At one time, I had an advisor in college who had this poster on her door. I was reminded of it today because I was thinking that it might provide a synthesis position on the question we've been debating.
It's a good argument -- one that demonstrates the injustice of women being categorically denied the vote in clear and undeniable terms. It's interesting to note what it is not, though: it is not an argument for universal suffrage. It's an argument for suffrage based on those public or civic virtues we've been discussing.
A woman can be all the things that 'a man can be, without losing the vote.' The question is, which of these should cause someone to lose the vote? The implication is that at least some of them should.

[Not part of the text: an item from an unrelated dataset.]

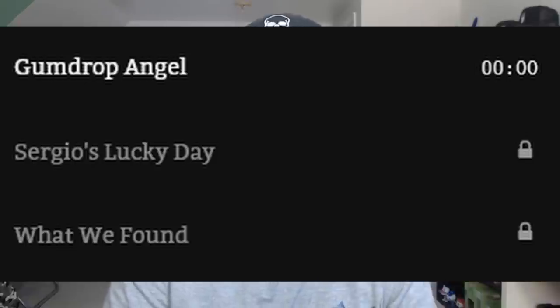Apparently this book is insane. Thanks to Google Books, we have the most common terms and phrases from book number eight. There are a lot of notable names like Hudson, Sergio, Barry, and Angel of course. I also see Dale and Jake — two characters we already know are in the Fazbear universe. Dale, I believe, was the CEO of the VR game in Help Wanted. We also got Jake, Faith, Claire, Violet, and Lewis. It looks like Scott took inspiration from MatPat with the Springtrap baby story, and now he's looking towards Lewis to make a story about — good old Darko's Games.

(I have occasionally been given to the drinking of beer, so perhaps I've already achieved Elise's condition of suggesting "principles for limiting the franchise that would eliminate him or herself from the pool of acceptable voters." On the other hand, I have always dissented from the Women's Temperance Movement on their interpretation of temperance as abstinence. Still, it's certainly highly likely that they would have excluded me!)
The wider point is that the defense of womens' suffrage does not depend, as it did not originally stand, on a notion of the importance of universal suffrage. They fought, and won, on the grounds of virtue: of the virtues of women, and the consequent immorality of denying them the vote. I think that was the right ground, and I suspect it remains the right ground.